Writing in Second Person…

You know, the writer got so arty, they wanted you to be the character in their story.  Uh, not me. Talk about making it impossible for the words to vanish and the story to come alive. Mostly this is arty-farty crap (I might have an opinion on this (grin)).

I usually make it a paragraph in a second person story and then start laughing before I send the story back.

It’s All A Dream…

So I get pulled into a story. I’m right with the character, and then suddenly there is a white space and the character wakes up and it was all a dream.

99.99% of the time my reaction is disgust and a rejection.

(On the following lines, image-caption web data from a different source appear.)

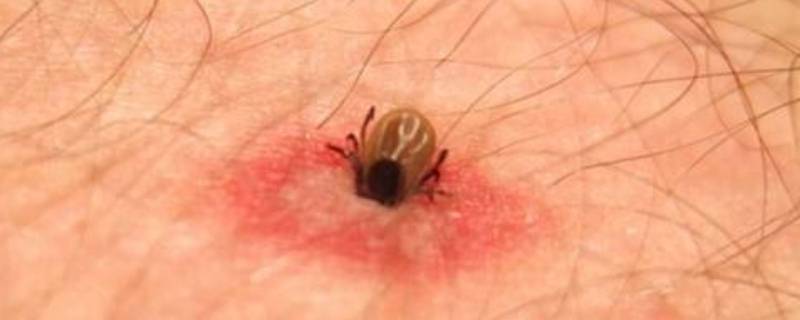 房间里发现了蜱虫还能住吗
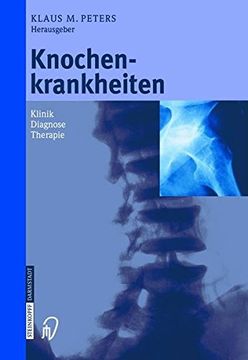 portada Knochenkrankheiten: Klinik Diagnose Therapie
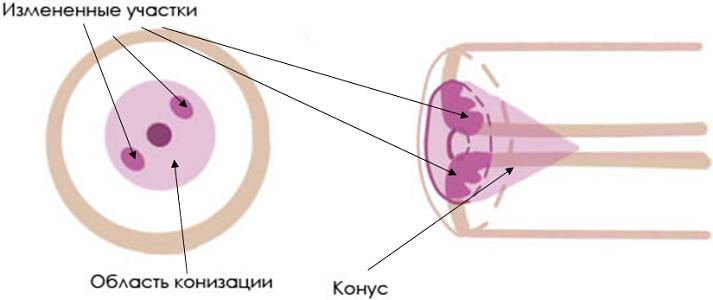 Процедура конизация шейки матки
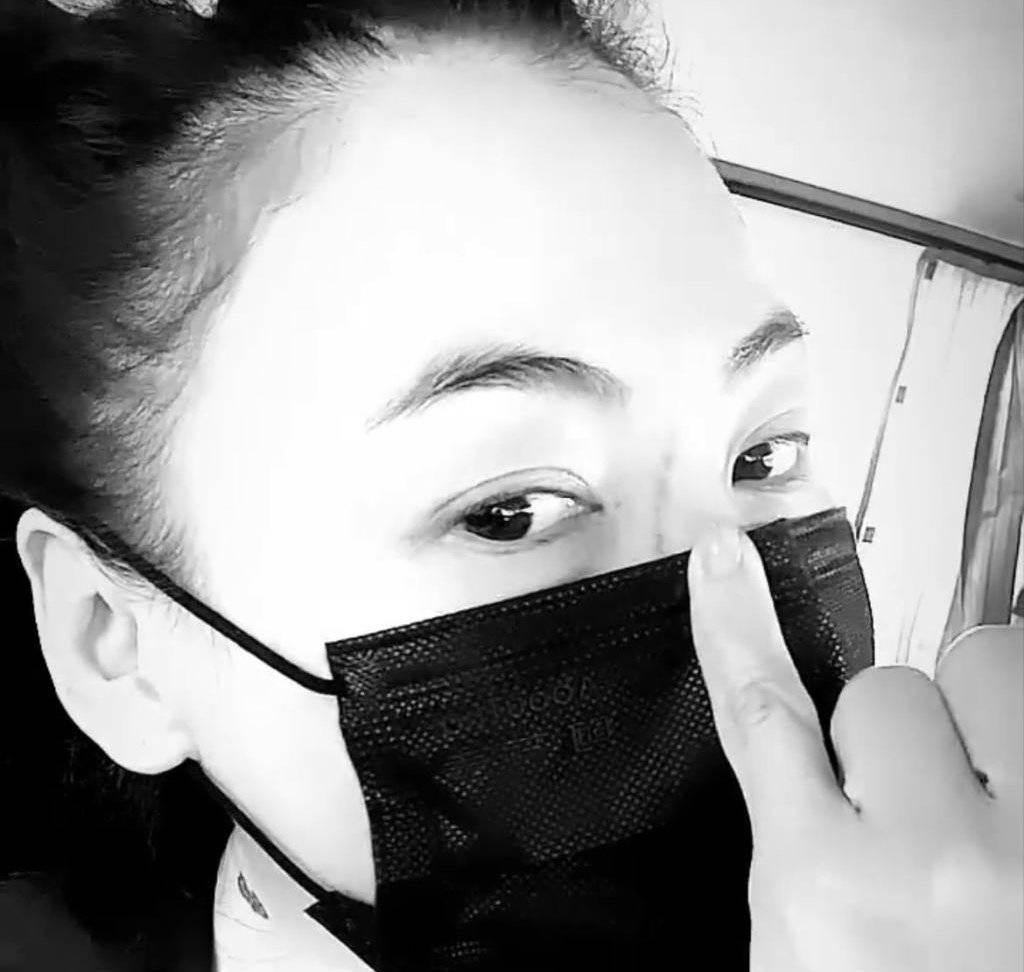 张柏芝|张柏芝遭家暴？脸部现超长伤口，她直呼很痛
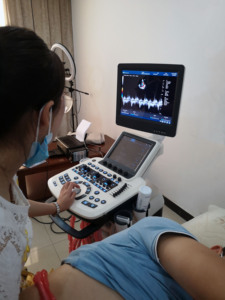 Siêu âm xách tay Thiết bị chẩn đoán tim mạch máu siêu âm DOPPLER màu Echo máy siêu âm - Product Image 2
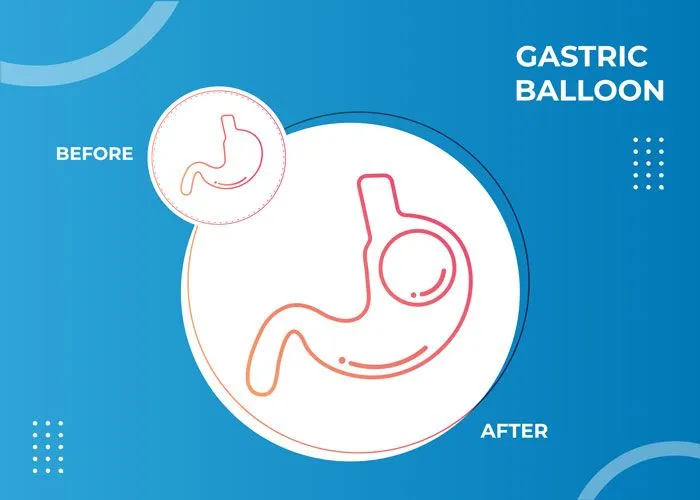 Weight Loss with the Gastric Balloon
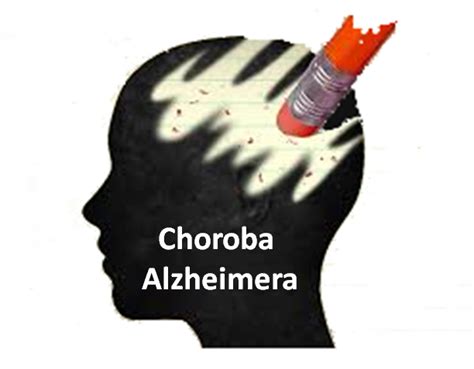 Choroba Alzheimera Co To Jest Radio Sovo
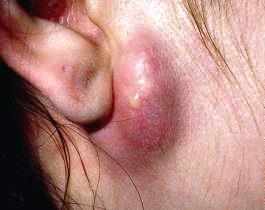 Причины и лечение пульсирующего шума в ухе.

Openings are to ground the reader with depth through the character so we can go along with the character in the story until you let us out at the end.

If your story is about dreaming, start in the real world, ground the reader, and then escort us readers into the dream in a way we know it is a dream.

As I said, skilled storytellers can make both of these work. No rules, but for me, my reaction to second person or starting with a dream is almost always a rejection.

Just saying…

 

4 Comments

  • Emilia

    I can’t remember the course, but Kris recommended Rebecca by Daphne du Maurier for study and that the opening with a dream is how you write dream scenes. The author tells the reader that this is a dream (“Last night I dreamt I went to Manderley again…”), and reminds the reader a couple of times.

    It just came to mind when I read “It’s all a dream”. I got excited and thought to mention it if someone wanted a book to study on opening with dreams. The opening also uses the rule of three when describing the garden and how its changed.

  • Jason M

    We just published a small book of puzzle mysteries. Each one is written in 2nd person. The choice works well in that context.
    But yeah — overall a 2nd person story needs to be *short* and *smart*. Get in, get out, quickly, before it wears out its welcome.

    • Leigh Kimmel

      Second-person is also the typical form of Choose Your Own Adventure books and their imitators, which are effectively single-player role-playing games. The narrative voice is the game master telling the reader/player what is going on and what choices are available.

  • Kerridwen Mangala McNamara

    The whole “who shot JR” extravaganza from the 80s…
    “It was all a dream” drives me crazy, too. Though, like you say. Sometimes a really skilled writer can make it work. Book #?? of the Dork Diaries made it a dream that was so bizarre it worked. It was also a neat break from an otherwise formulaic series that still had compelling enough characters and writing (and my children were reading it and I was still trying to keep up so I knew what they were absorbing).